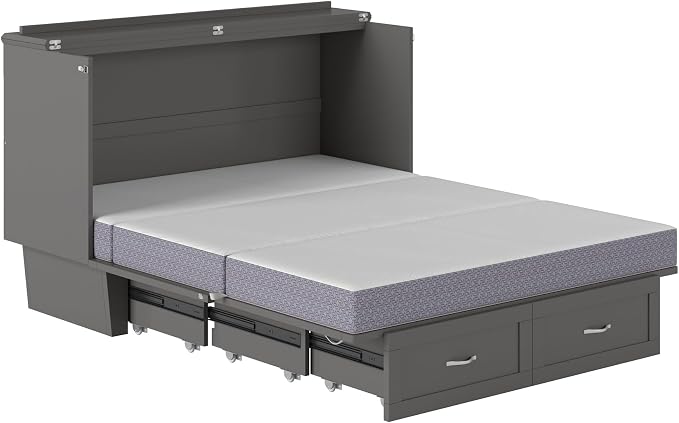 AFI, Monroe Queen Murphy Bed Chest with 6" Mattress, Storage Drawer & Built-in USB Charger, Grey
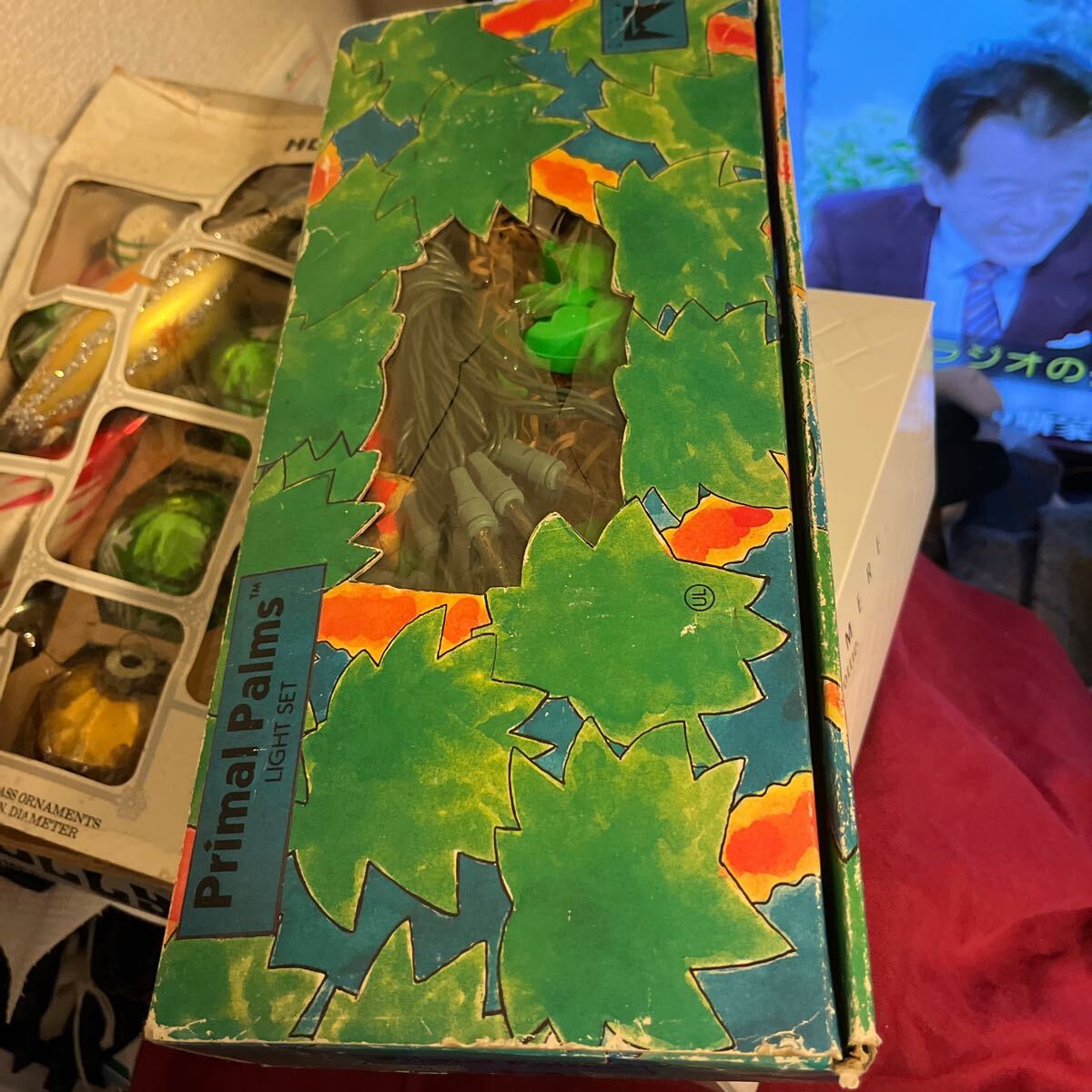 1990年製 メイドCALビンテージ デッドストック 新品 PRIMAL PALMS LIGHT SET ヤシの実型スタイル ヴィンテージ クリスマス かわいい拍卖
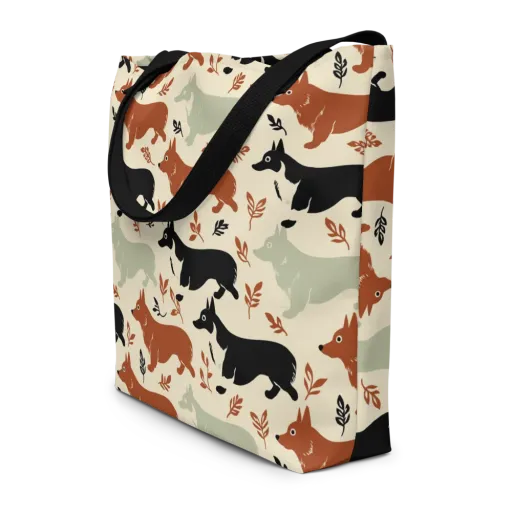 Cedar Canine on a Large Tote Bag W/ Pocket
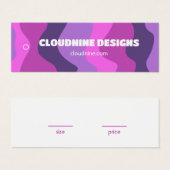 パープルストライプピンクの服サイズ価格帯のハングタグカード (正面&裏面)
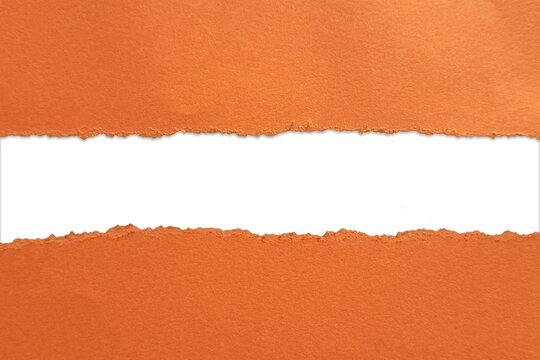 Vibrant orange torn paper with rough edges revealing a blank horizontal space for dynamic text on a transparent background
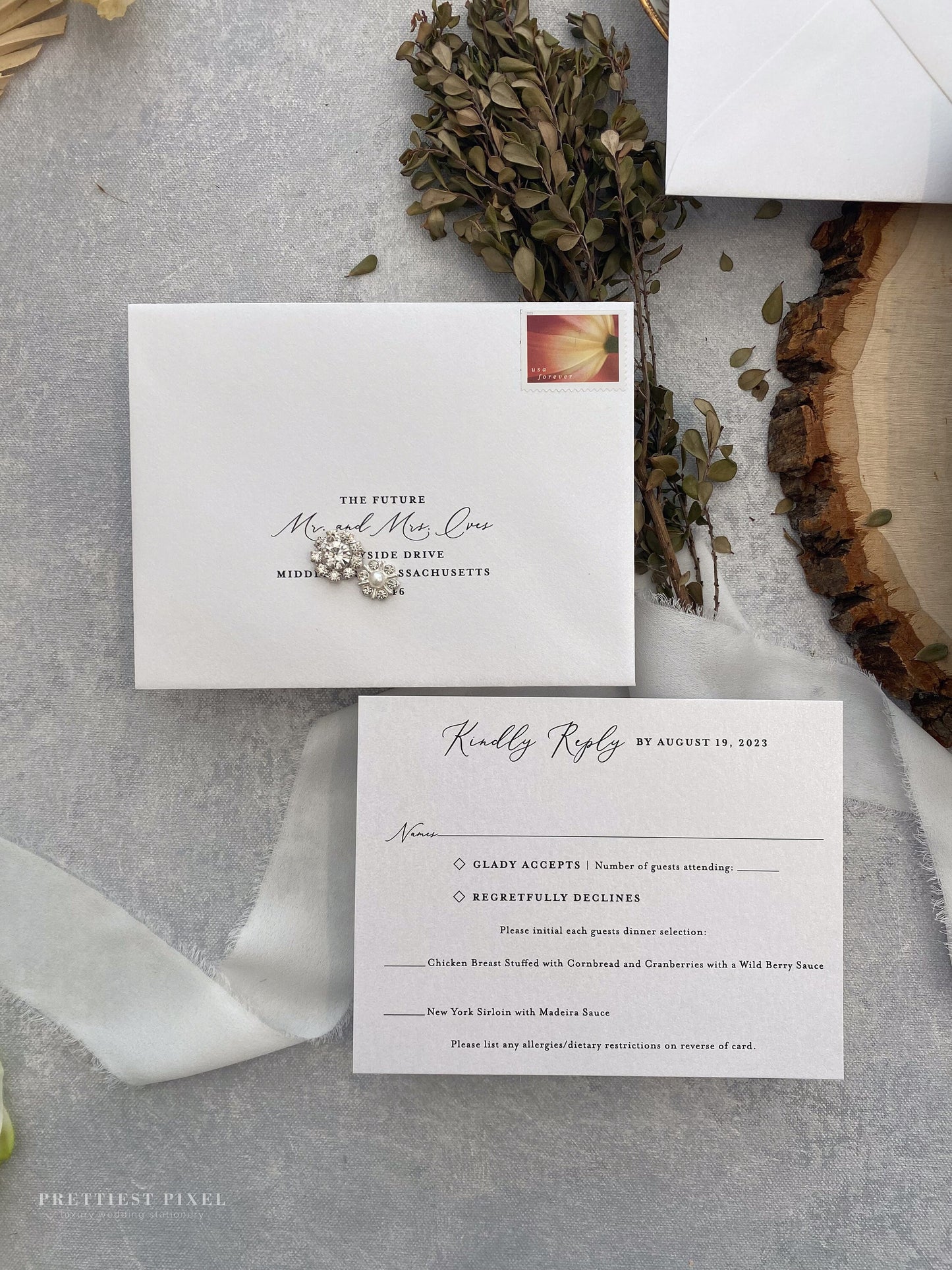 Acrylic Wedding Invitation with Venue Sketch | Style 256
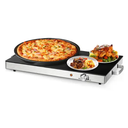 Costway - 22''x 14'' Electric Warming Tray Hot Plate Dish Warmer w/ Adjustable Temperature - Silver/Black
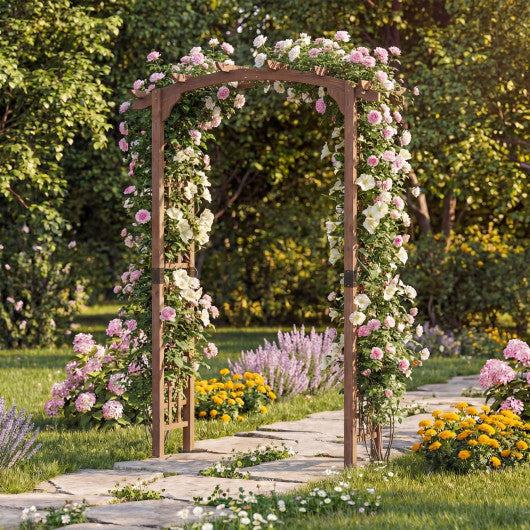 7.5 Ft Garden Arch Wooden Arbor Outdoor Wood Trellis for Climbing Plants-Rustic Brown - Color: Rustic Brown - Size: 7.5 FT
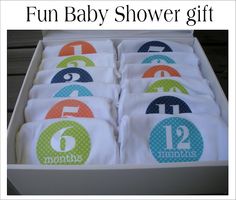 six diapers in a box with numbers on them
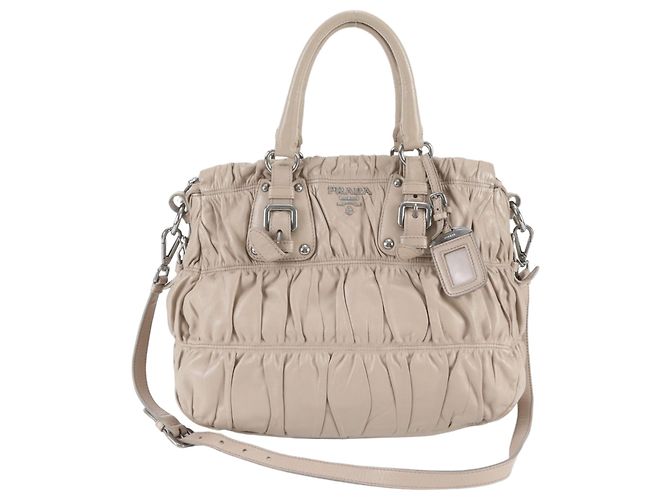 Sac à épaule 2-Way en cuir froncé Prada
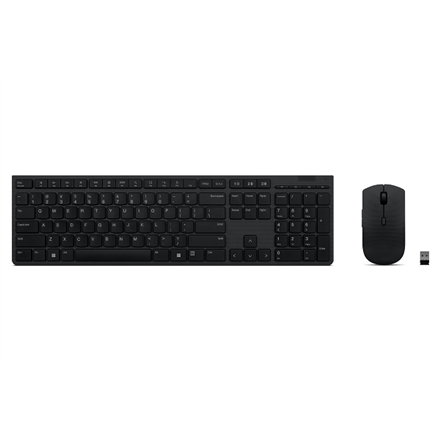 Pilt Lenovo | Professional Wireless Rechargeable Keyboard and Mouse Combo Nordic | Keyboard and Mouse Set | Wireless | Mouse included | NORD | Bluetooth | Grey | Wireless connection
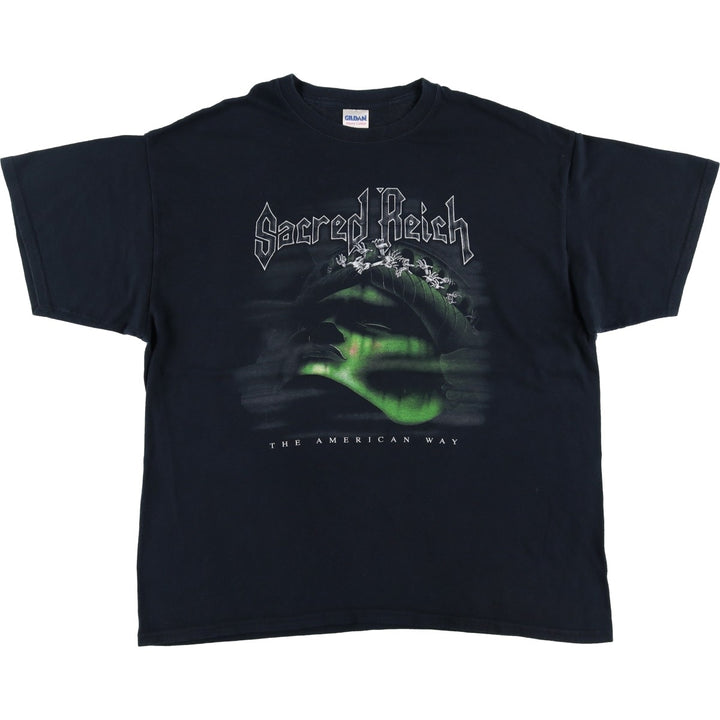 Gildan SACRED REICH Band T-shirt, Men's XL equivalent. cotton black type Vintage Second Hand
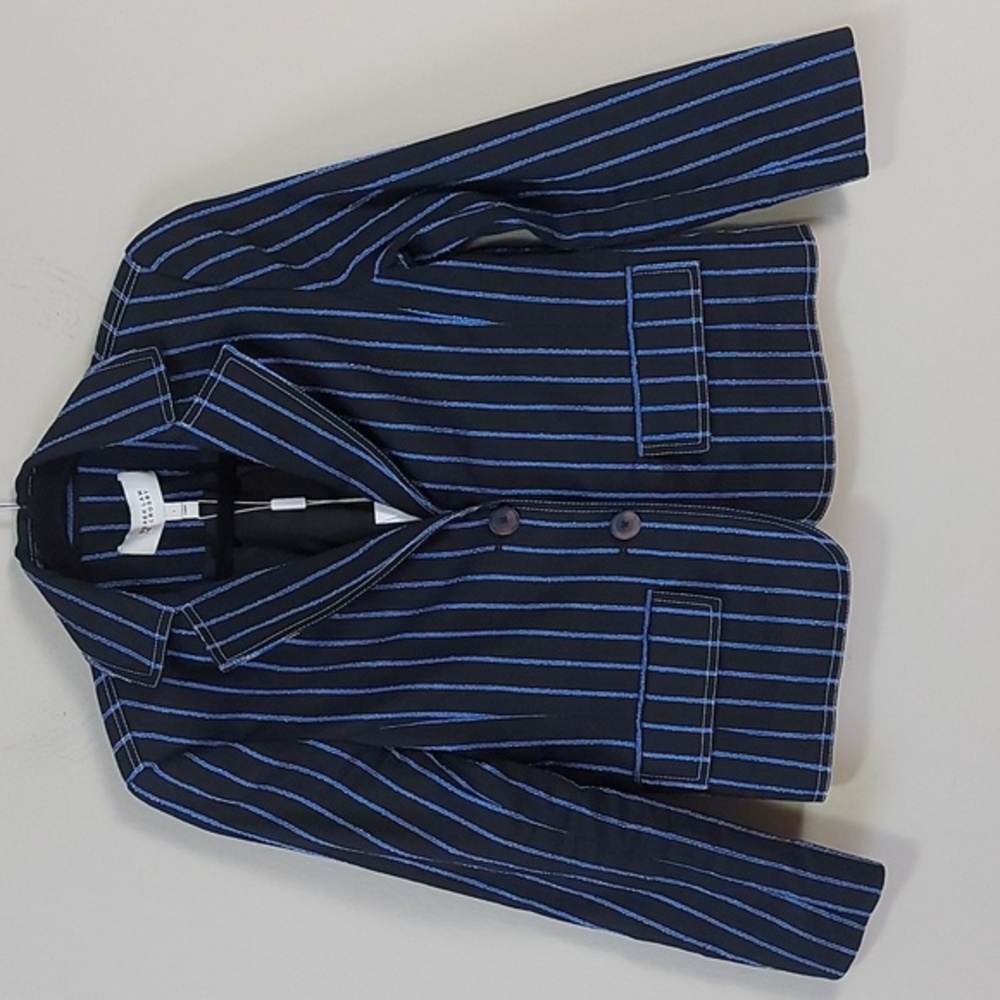 Derek Lam 10 Crosby Linen Blend 2 Button Stripe Blazer Size 2 Blue Preppy School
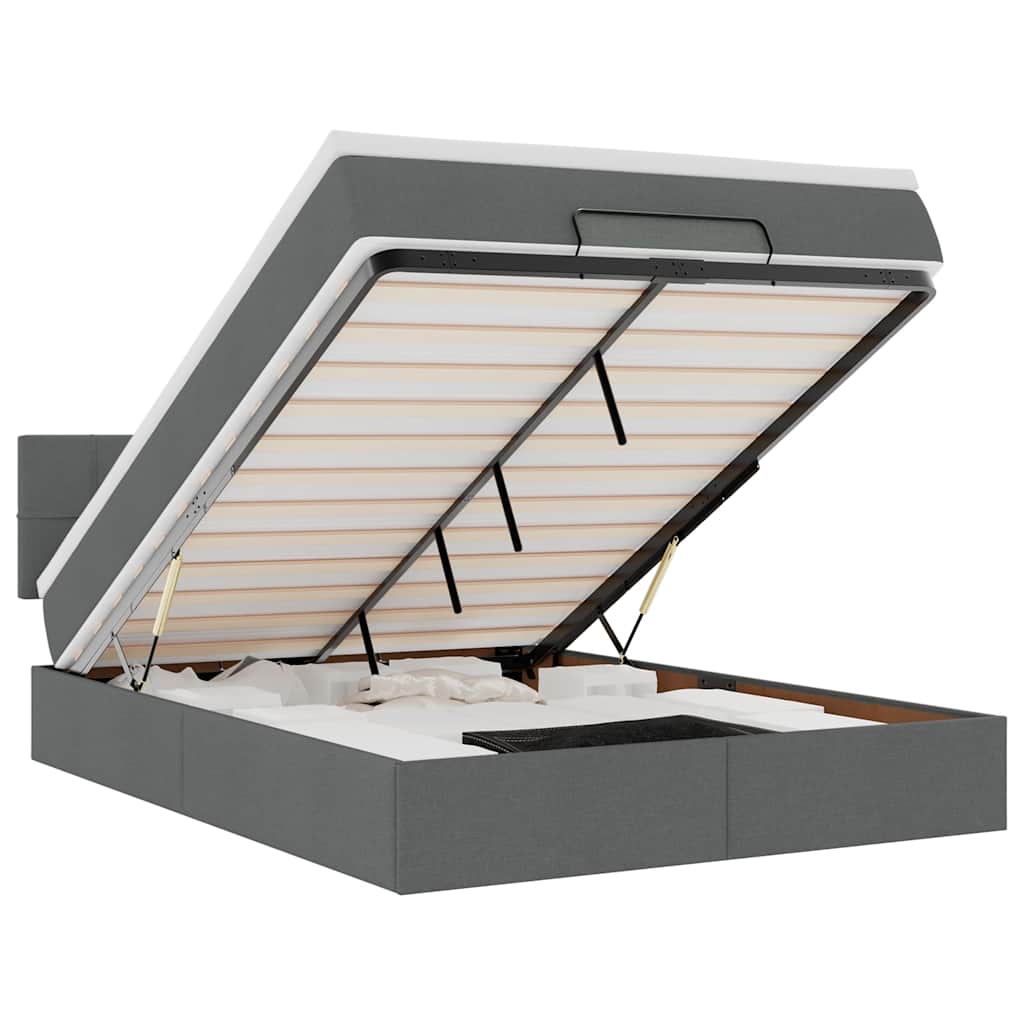 vidaXL Οθωμανικό κρεβάτι με στρώμα & LEDs Σκούρο γκρι 140x200cm Ύφασμα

........

Work order: Using the material above, transcribe exactly the lines from the one holding "7.5 Ft Garden" to the one holding "Sac à épaule 2-Way en cuir froncé Prada", both ends kept. Do not carry over any pictures.

Answer box:
 7.5 Ft Garden Arch Wooden Arbor Outdoor Wood Trellis for Climbing Plants-Rustic Brown - Color: Rustic Brown - Size: 7.5 FT
 six diapers in a box with numbers on them
 Sac à épaule 2-Way en cuir froncé Prada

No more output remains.